But the two men do share one characteristic: They're both Hispanic, a fact that has earned intense national scrutiny for their race. Two Hispanic candidates going mano a mano is a relatively new phenomenon in American politics, and Republicans, especially, have a lot riding on the outcome. With Hispanics poised to surpass blacks as the largest ethnic minority in America, the GOP wants desperately to increase its appeal among an up-and-coming voting bloc. In John Sanchez, the party has found an attractive, articulate spokesman who just might have what it takes not only to defeat Bill Richardson but also to serve as a model for future GOP candidates.

As Mr. Sanchez wades into the raucous Fiesta crowds searching for hands to shake, he bears both the hopes of his party and the burden of history. The Fiesta, after all, commemorates the Spanish resettlement of Santa Fe following an Indian uprising that had briefly chased the conquistadors back to Mexico. Now, the heirs of the conquistadors are poised to take power from the state's white political elites. Republicans can only hope that this new revolution is not only ethnic but ideological as well.

In some ways, John Sanchez is an unlikely standard-bearer in this important political battle. He was reared in poverty by a single mother, the youngest of eight children who shared a two-bedroom house with no indoor plumbing. "I literally went from the outhouse to the statehouse," is how he likes to synopsize his life story.

By all rights, he should have been a Democrat. Impoverished families like his, dependent on the largesse of the state government, have long been the backbone of the New Mexico Democratic Party. But the Sanchez family was different: John's great-great-grandfather was a Republican territorial legislator, and his grandfather was the last GOP lawmaker of Hispanic descent to be elected from a northern New Mexico county.

Although the family fortunes had declined precipitously, its political philosophy somehow remained intact. "Nobody owes you anything in this world," Mrs. Sanchez used to tell her children. "Stay in school. Work hard. Dream big."

Forty years later, that's the core message of Mr. Sanchez's gubernatorial campaign. It flies in the face of the New Deal mentality that continues to dominate in many Hispanic neighborhoods throughout the state, but Mr.
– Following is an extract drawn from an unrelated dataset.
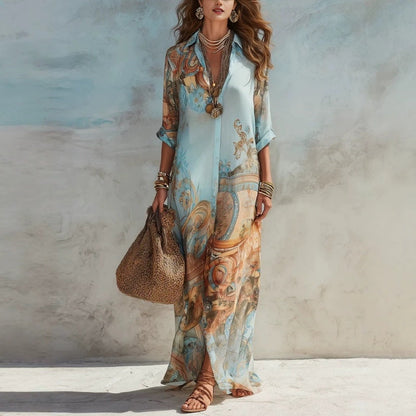 ⏳Limited-time 50% off⏰Women's Elegant Retro Print Maxi Dress👔👗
Sanchez thinks the time is right for realignment. "One definition of insanity," he says, "is doing the same thing over and over again with the same unsuccessful result." After decades near the bottom of the national rankings for education and poverty, he hopes New Mexicans are ready to admit that high taxes, minute regulation, and extensive welfare are nothing short of insane.

When he first burst onto the state's political scene two years ago, critics thought he was the one who was insane. In his first bid for public office, he challenged the speaker of New Mexico's House of Representatives, a 30-year incumbent in a county where Democrats outnumbered Republicans roughly 2 to 1. In one of the biggest upsets in the state's political history, Mr. Sanchez won that race despite-or perhaps because of-his unflinchingly conservative views. "We didn't change our message at all" in winning over longtime Democratic voters, he insists. "Perhaps I was just the right messenger at the time."